Task goal: From the records below, please repeat exactly the line that has "ESSENTIALS Black Men’s T Shirt Size XL", the line that has "Vectra® 3D solution", and every line between them, and nothing else.

[Collected data entries]
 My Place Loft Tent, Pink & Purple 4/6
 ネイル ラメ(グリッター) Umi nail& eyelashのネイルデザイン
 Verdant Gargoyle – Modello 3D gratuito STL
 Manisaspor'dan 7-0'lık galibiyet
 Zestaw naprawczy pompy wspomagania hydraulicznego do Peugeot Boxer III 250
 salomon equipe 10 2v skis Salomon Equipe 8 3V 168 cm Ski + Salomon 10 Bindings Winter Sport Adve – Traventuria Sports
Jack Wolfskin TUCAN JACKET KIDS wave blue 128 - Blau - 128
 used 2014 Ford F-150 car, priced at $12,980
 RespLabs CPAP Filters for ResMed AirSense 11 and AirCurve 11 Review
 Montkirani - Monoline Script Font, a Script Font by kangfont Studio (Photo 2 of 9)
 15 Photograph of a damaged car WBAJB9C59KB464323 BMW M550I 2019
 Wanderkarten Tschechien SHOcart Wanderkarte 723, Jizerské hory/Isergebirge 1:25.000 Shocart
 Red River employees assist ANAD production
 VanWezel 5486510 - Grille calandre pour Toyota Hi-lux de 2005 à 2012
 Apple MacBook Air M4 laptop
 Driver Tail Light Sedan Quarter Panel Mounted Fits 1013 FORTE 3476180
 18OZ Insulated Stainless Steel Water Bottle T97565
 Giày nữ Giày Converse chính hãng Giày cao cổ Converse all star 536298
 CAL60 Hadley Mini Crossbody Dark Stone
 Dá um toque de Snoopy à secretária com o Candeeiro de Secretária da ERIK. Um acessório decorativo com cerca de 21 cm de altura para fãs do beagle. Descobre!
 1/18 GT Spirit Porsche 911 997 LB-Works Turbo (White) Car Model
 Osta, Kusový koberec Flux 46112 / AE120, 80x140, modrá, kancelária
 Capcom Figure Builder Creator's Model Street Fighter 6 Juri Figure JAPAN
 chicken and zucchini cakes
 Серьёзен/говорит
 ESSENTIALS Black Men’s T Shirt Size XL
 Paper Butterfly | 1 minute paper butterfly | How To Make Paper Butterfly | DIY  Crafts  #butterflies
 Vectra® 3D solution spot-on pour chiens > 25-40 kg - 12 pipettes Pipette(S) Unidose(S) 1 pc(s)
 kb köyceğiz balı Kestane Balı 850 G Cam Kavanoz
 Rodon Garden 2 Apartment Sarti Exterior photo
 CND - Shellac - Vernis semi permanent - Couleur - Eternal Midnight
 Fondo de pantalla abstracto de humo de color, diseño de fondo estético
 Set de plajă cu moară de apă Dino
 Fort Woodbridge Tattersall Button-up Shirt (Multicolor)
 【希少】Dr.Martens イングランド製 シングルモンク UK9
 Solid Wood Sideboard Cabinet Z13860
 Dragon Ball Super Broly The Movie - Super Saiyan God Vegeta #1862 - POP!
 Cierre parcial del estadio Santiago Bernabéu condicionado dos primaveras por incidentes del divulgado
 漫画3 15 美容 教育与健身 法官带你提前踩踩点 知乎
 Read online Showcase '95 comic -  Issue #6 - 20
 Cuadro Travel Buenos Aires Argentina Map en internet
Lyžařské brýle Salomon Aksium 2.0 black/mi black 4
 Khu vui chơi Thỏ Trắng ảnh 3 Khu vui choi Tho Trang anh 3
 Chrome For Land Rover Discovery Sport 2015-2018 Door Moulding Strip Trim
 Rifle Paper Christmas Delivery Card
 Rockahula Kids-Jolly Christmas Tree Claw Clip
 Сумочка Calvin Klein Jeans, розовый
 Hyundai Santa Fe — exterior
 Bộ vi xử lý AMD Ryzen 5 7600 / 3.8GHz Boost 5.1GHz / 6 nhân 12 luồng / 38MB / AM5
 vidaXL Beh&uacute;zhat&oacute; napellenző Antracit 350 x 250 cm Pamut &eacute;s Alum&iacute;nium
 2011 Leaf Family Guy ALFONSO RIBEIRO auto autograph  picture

Exercise output:
 ESSENTIALS Black Men’s T Shirt Size XL
 Paper Butterfly | 1 minute paper butterfly | How To Make Paper Butterfly | DIY  Crafts  #butterflies
 Vectra® 3D solution spot-on pour chiens > 25-40 kg - 12 pipettes Pipette(S) Unidose(S) 1 pc(s)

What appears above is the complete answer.